UPDATE V: It’s simply not possible to know any less about an issue than The Atlantic‘s Marc Ambinder apparently knows about the State Secrets privilege, yet that doesn’t deter him even for a moment from opining pedantically on what happened today. Not only doesn’t Ambinder have the first idea what the controversy is even about (he defends what the Obama DOJ did here by arguing that “Obama certainly never promised Americans that he’d declassify everything, or that the government had to renounce its right to assert a state secrets privilege forever” — as though there is anyone who actually believes that), but he has also anointed himself spokesman for Obama-supporting civil libertarians such that he can read their minds and divine why they voted for Obama: ”civil libertarians and others who voted for Obama did so with the belief that his judgment and his attorney general would be better stewards of that privilege than President Bush and his attorney generals [sic] (and vice president.)”

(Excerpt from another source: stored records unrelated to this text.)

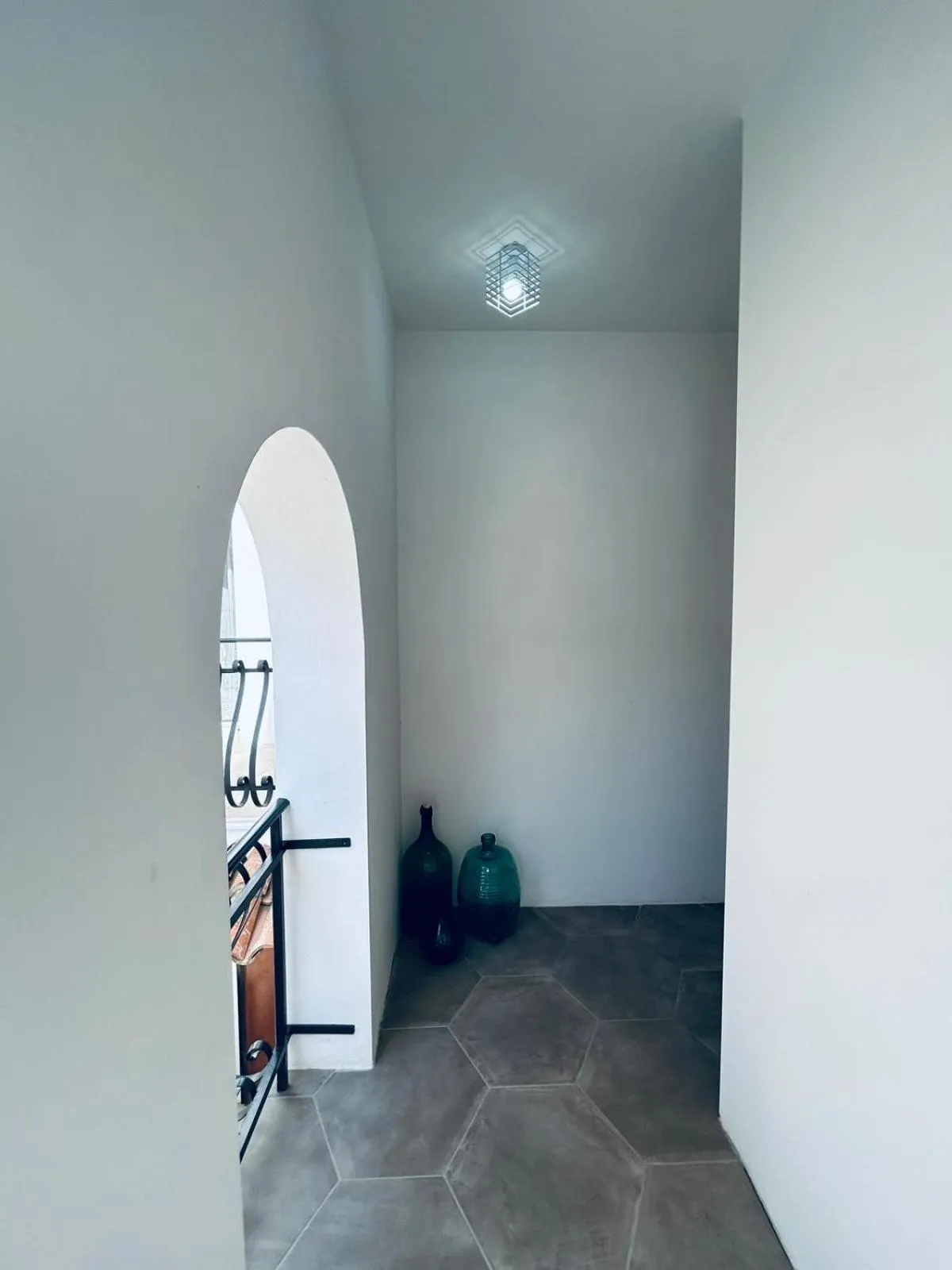 Inner courtyard view in Manca Residence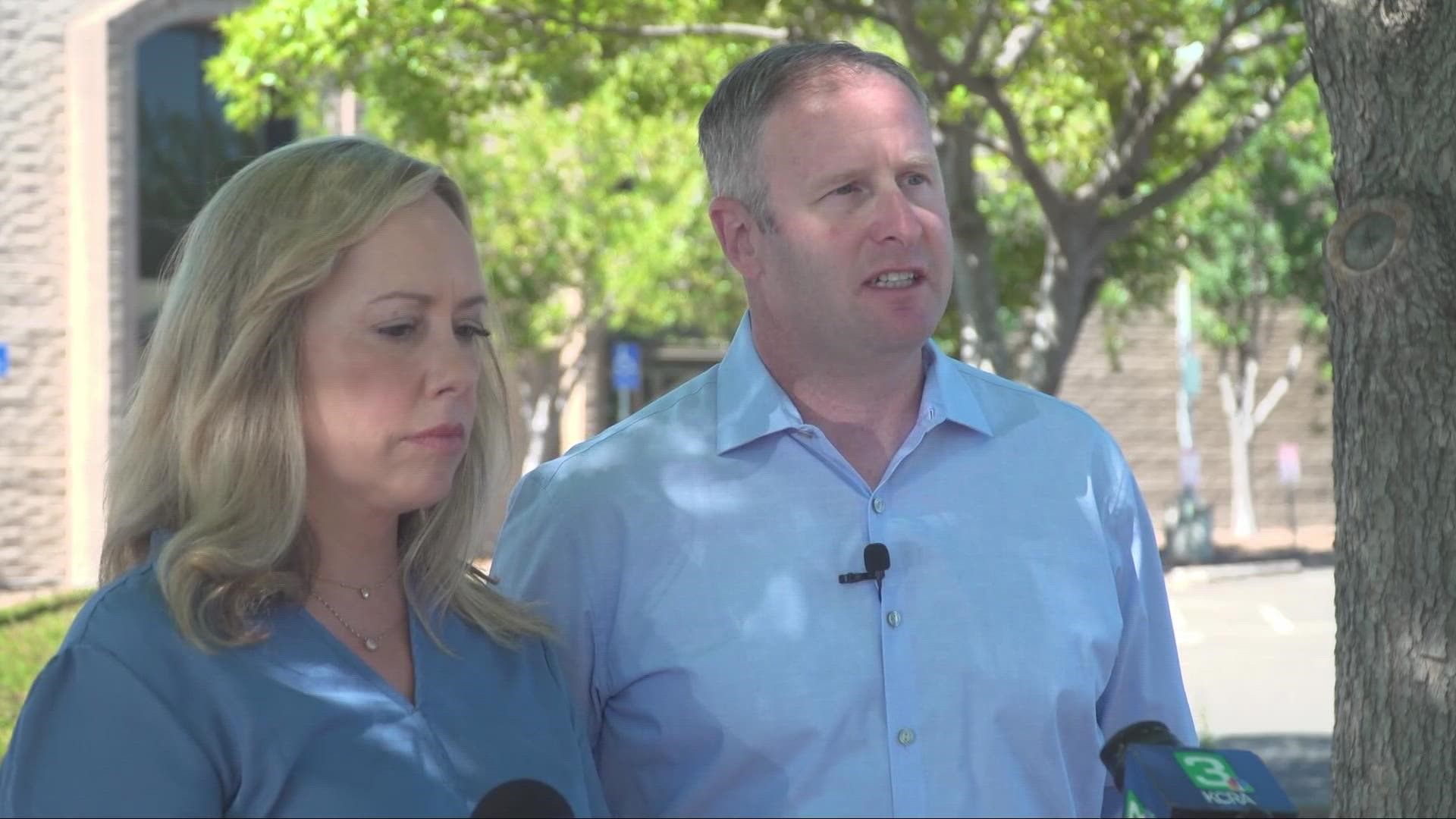 Folsom couple recall saving man from shark attack in Monterey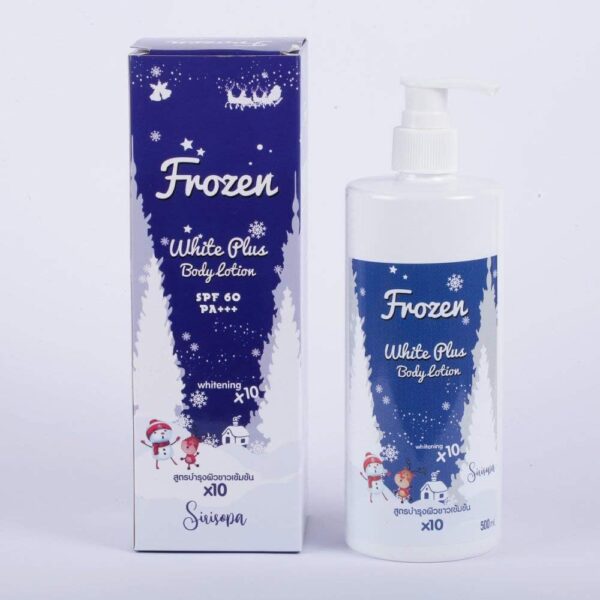 GLUTA FROZEN White Plus Body Lotion 500ml - Image 2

Even if it’s true that “civil libertarians” voted for Obama because they believed he and his appointees would “be better stewards of that privilege than President Bush and his attorney generals [sic],” what the Obama DOJ did today — adopt Bush’s abusively broad version of the privilege and then invoke it to shield entire torture and rendition programs from judicial scrutiny — would be the exact opposite of that. Is it really that difficult for journalists to refrain from pretending that they understand things until they bother to do the most minimal work to make the pretense slightly convincing?
UPDATE VI: Someone might want to ask The Atlantic‘s resident civil liberties expert and self-anointed spokesman for civil libertarians everywhere, Marc Ambinder, who “Patrick Romero” [sic] is. Those who want to mock the ACLU’s “outrage” and purport to speak on behalf of civil libertarians might want first to learn who the ACLU’s Executive Director actually is.